Back when Yuri Andropov headed the KGB, the Soviet political police replaced, or at least supplemented the blunter instruments of earlier times with more subtle and insidious ones. One such was the profilakticheskii razgovor, the ‘prophylactic conversation.’ Someone identified as a possible problem – talking too openly critically about the Party, say, or trying to get the trade union actually to represent workers’ interests – would be invited to the local KGB office, just for a chat.

Depending on the quality and delicacy of the interlocutor, often no threats would be made, no accusations advanced. It would be just that, a chat. How’s the job? I hear your kid is applying to university next year, that must be exciting. I hope your grandmother’s illness clears up soon. But of course, in a system when a severe and spiteful state controls everything, both sides knew that every word was a threat. A good job could be replaced with a bad one; a child could get rejected from university; medical care could be withheld.
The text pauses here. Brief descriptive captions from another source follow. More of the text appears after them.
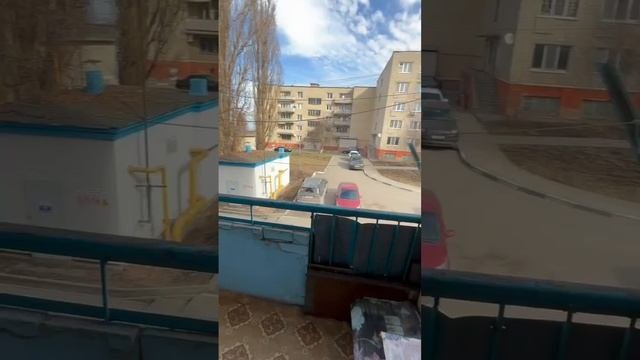 Общежитие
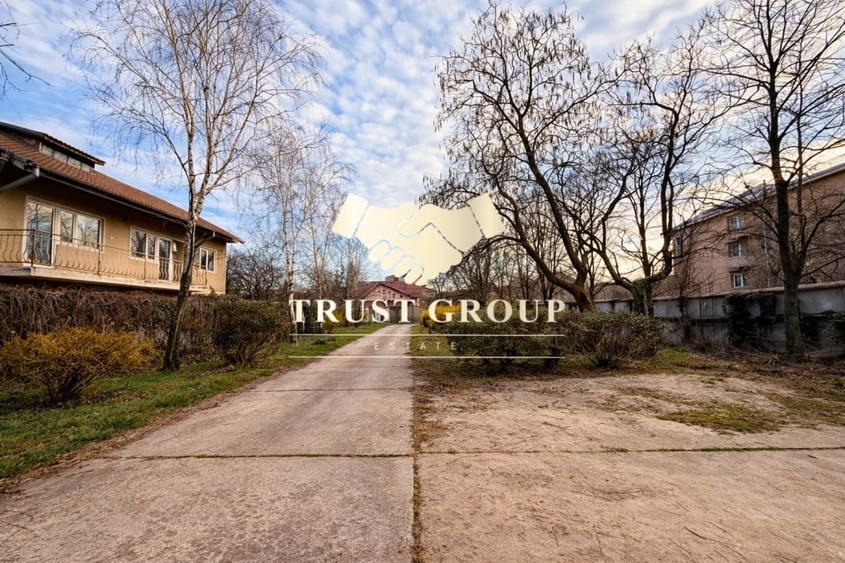 Casă individuală cu arhitectură deosebită și potențial investițional - 8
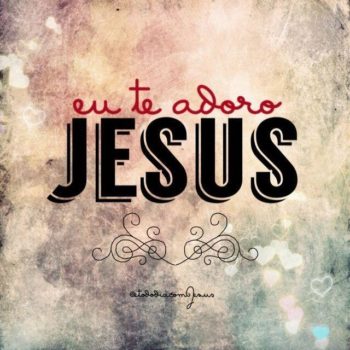 Jesus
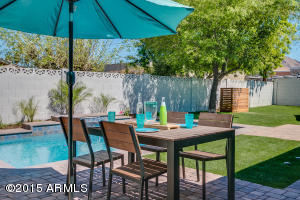 3926 E Campbell Ave, Phoenix, AZ 85018 photo 7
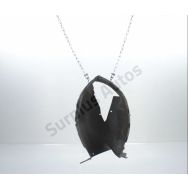 Pare-boue avant gauche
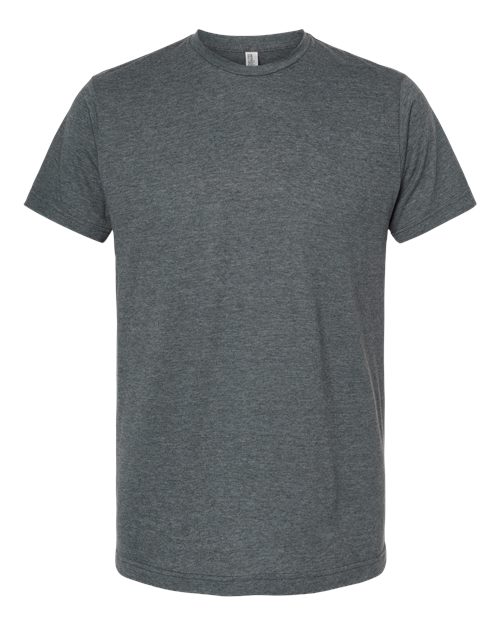M&O Deluxe Blend T-Shirt - Image 5
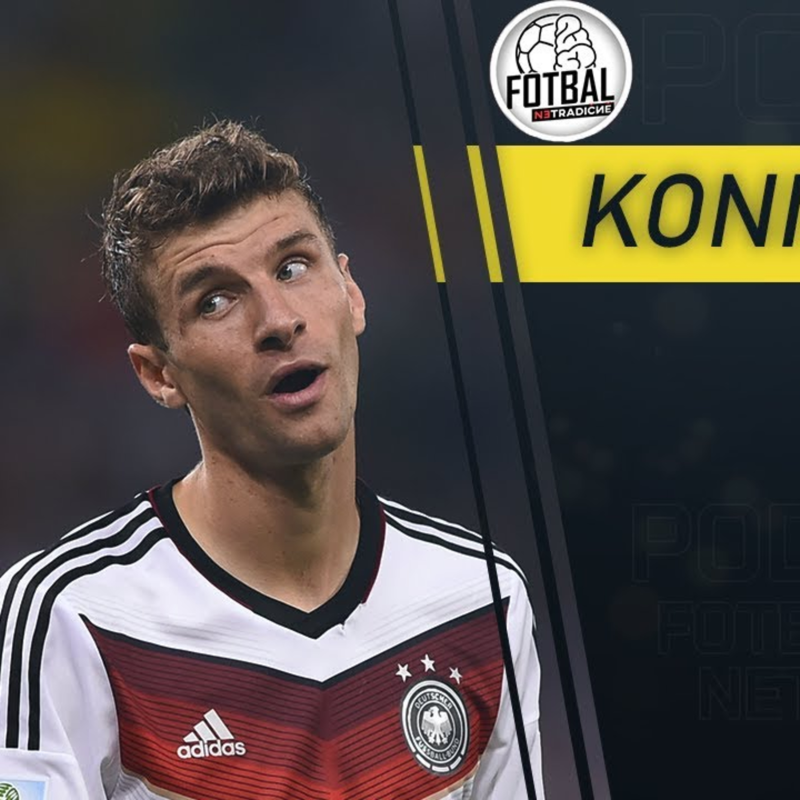 Obrázek epizody JE VAR ZBYTEČNÉ? #rozkecáno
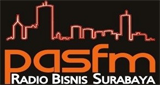 Logo Pas FM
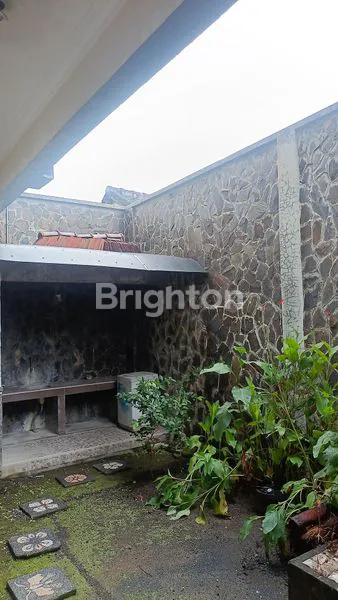 image JUAL RUMAH TERAWAT 2LANTAI-DIPUSAT KOTA PANJER (5)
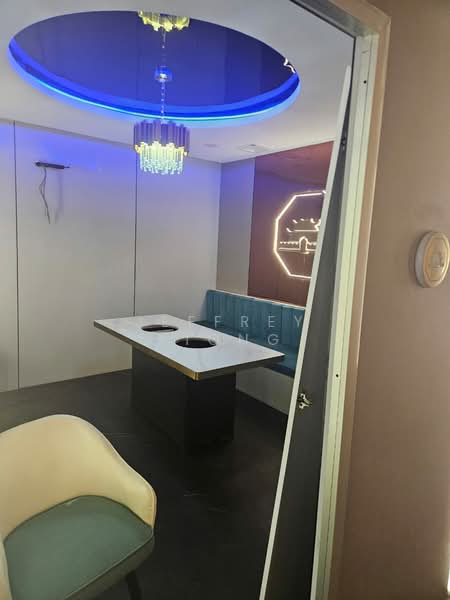 Shop for Sale in Austin Heights (Tebrau) - Jeffrey Kiong - Interior - PropertyGuru.com.my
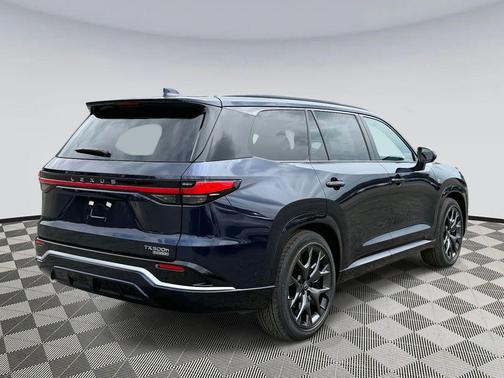 2025 Lexus TX 500h F SPORT Premium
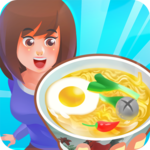 Indo Mie Cafe Express icon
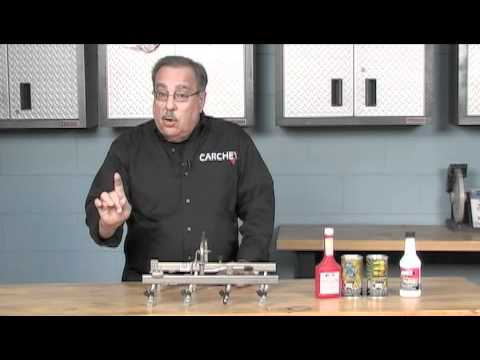 Octane Boosters: Do They Work?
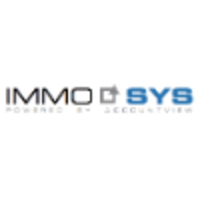 Immosys B.V. logo, Immosys B.V. contact details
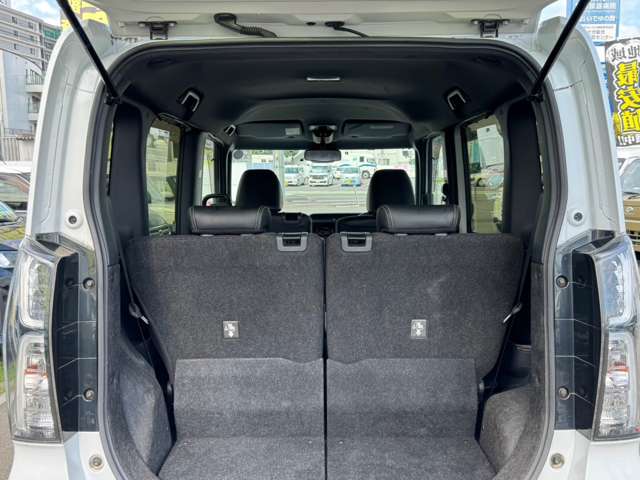 ダイハツ タント ６６０ カスタム Ｘ セレクション ４ＷＤ R2年 (九州・沖縄) 99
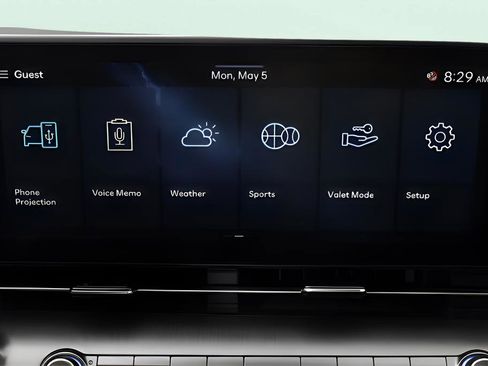 New 2025 Hyundai Kona SEL image 25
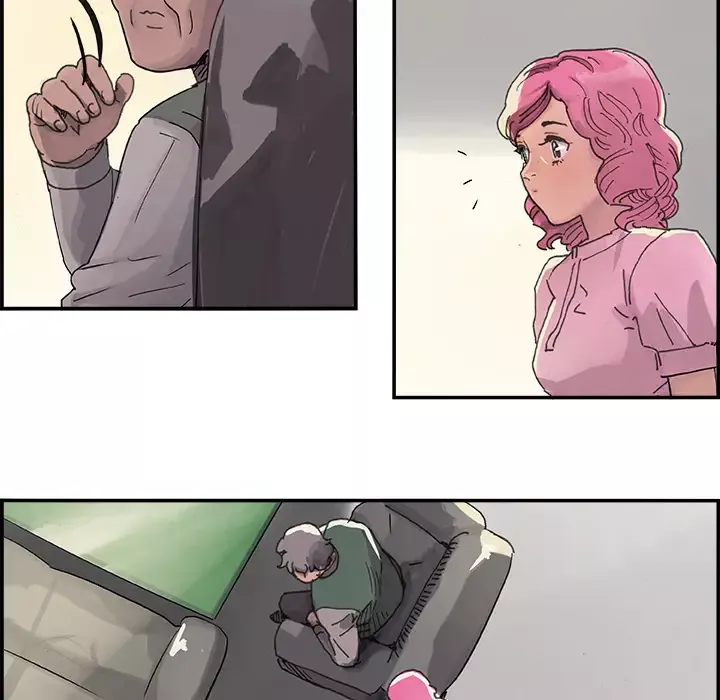 任何小姐-第3话 - 图片 70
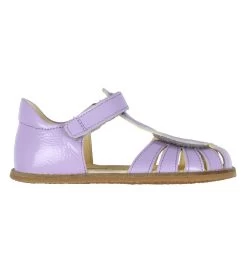 Bundgaard Sandaler - Silja - Lilac Patent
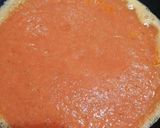 Foto del paso 12 de la receta: Espagueti rojo con milanesa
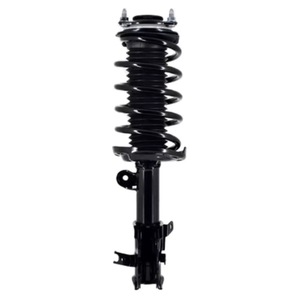 Ensemble d'amortisseurs Honda Acura ILX 2.4L 1334075R 1334075L pour modèles 2016-2021, remplacement et réparation, support inclus - Product Image 5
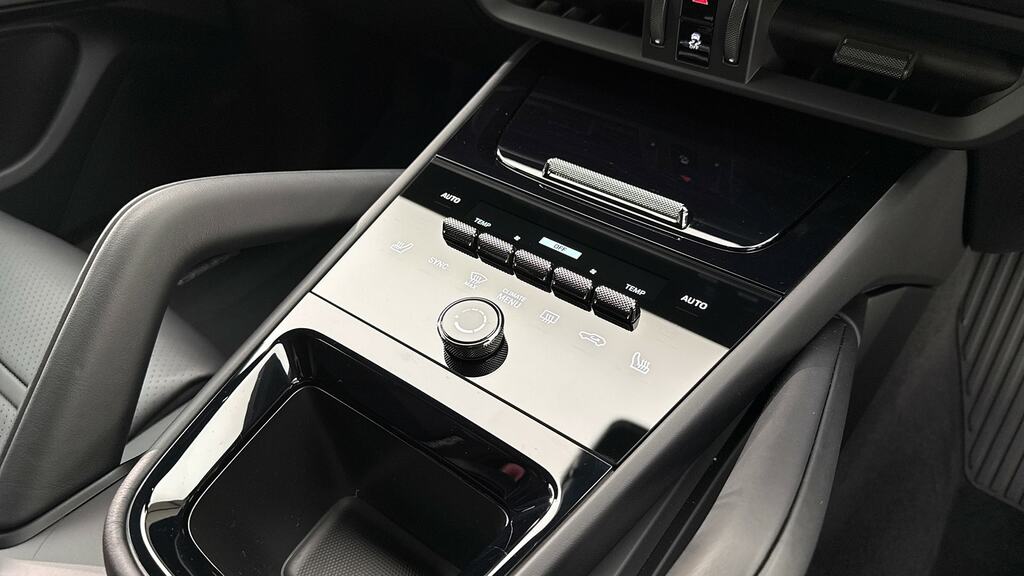 Porsche Cayenne V6 E-hybrid 25.9Kwh S Black Edition Tiptronics Eur Black #12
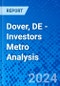 Dover, DE - Investors Metro Analysis - Product Thumbnail Image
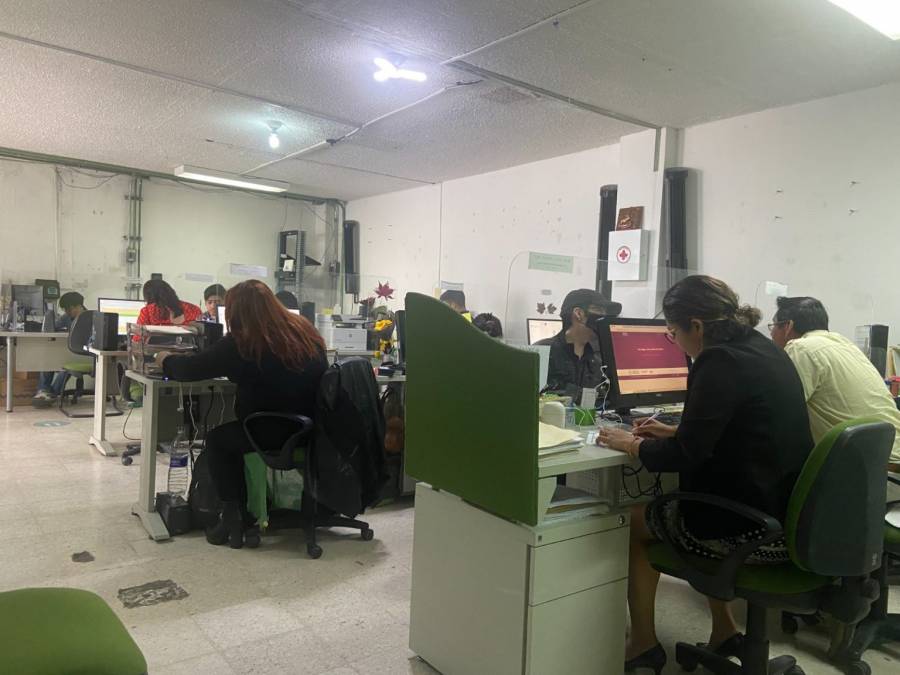 Vela GEM por los intereses laborales de las y los mexiquenses a través de la Secretaría del Trabajo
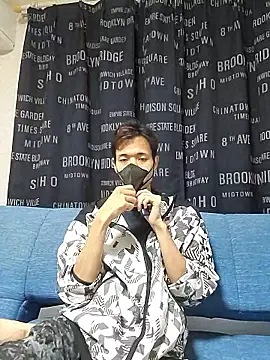 mori 1rom online show from 06.07.26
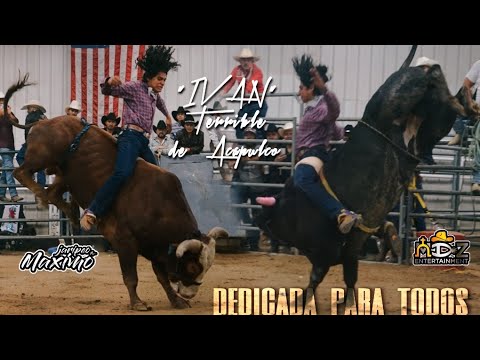 CON DEDICATORIA HASTA EL CIELO | IVAN EL TERRIBLE DE  ACAPULCO DEMOSTRO PORQUE ES DE LOS MEJORES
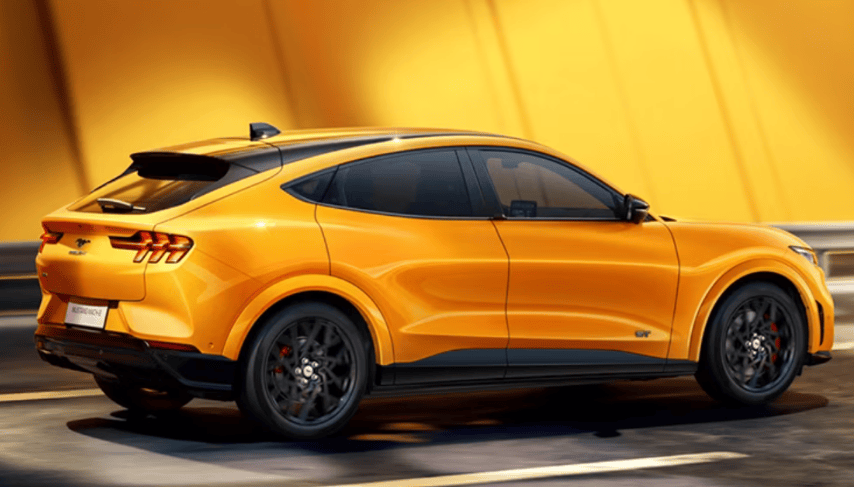 从25万降至16万,轴距完胜奥迪q5,3.57秒破百,还要啥比亚迪宋?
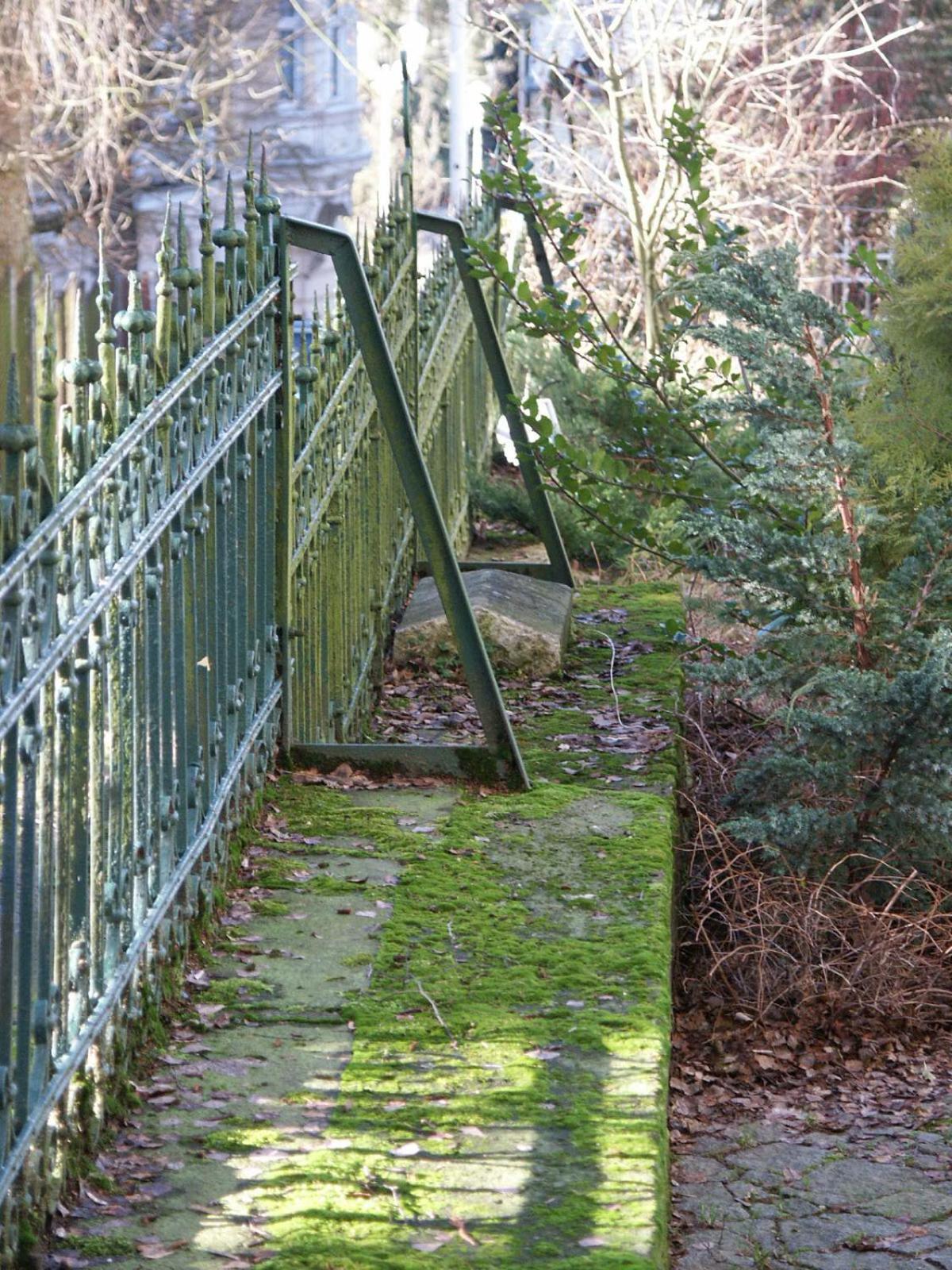 Villa Sonnenstrahl Mariánské Lázně Dış mekan fotoğraf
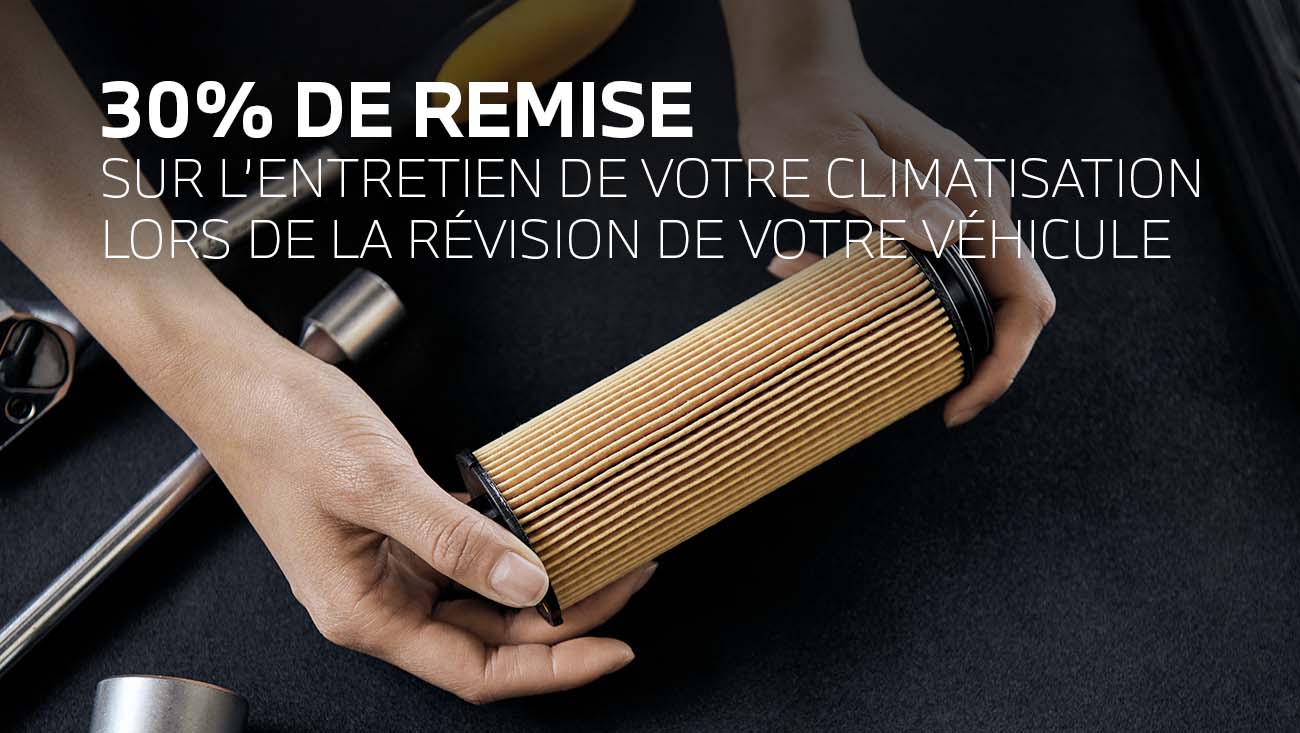Service Carrosserie BMW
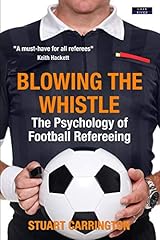 Blowing whistle psychology for sale  Delivered anywhere in UK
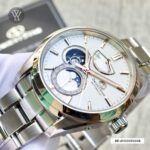 Orient 41mm Nam RE-AY0003S00B - Ảnh 2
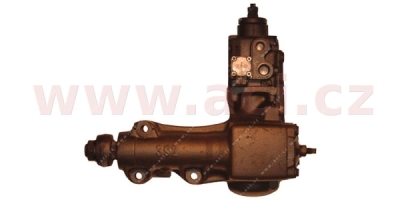 OPE OMEGA 94-99 řízení AVORD hydraulické, rotační (kulové) ZF (servotronik), repasovaný originá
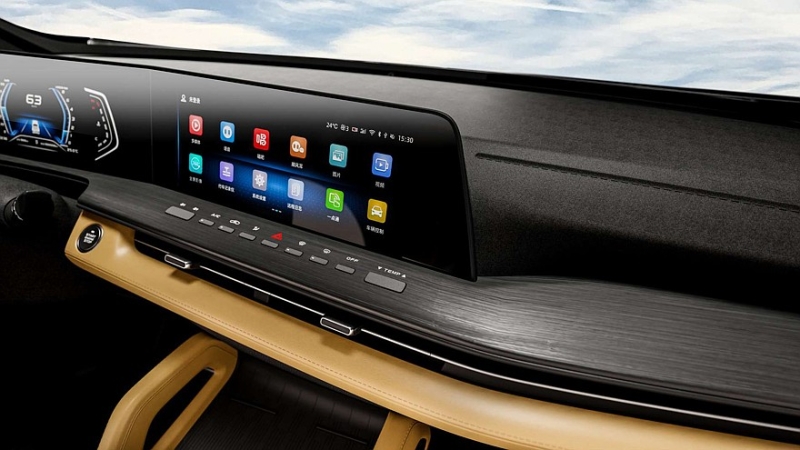 Changan раскрыл состав комплектаций дизельного пикапа Hunter Plus для РФ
Few people have the ruthlessness with themselves or others to be heroes in such circumstances. Andropov’s dictum was, after all, maximum effect for minimal force.

Increasingly, this has become a tool also used with organised crime. The state does not control organised crime (let alone vice versa), but the relationship is complicated. Much of the time, it genuinely fights it, but at other times it recognises a degree of symbiosis. This is not just about the many interconnections, especially at the local level, between political, business and underworld elites. It is also because, like post-war Japan for most of its history, there is something of a sense that organised crime is better that its disorganised counterpart.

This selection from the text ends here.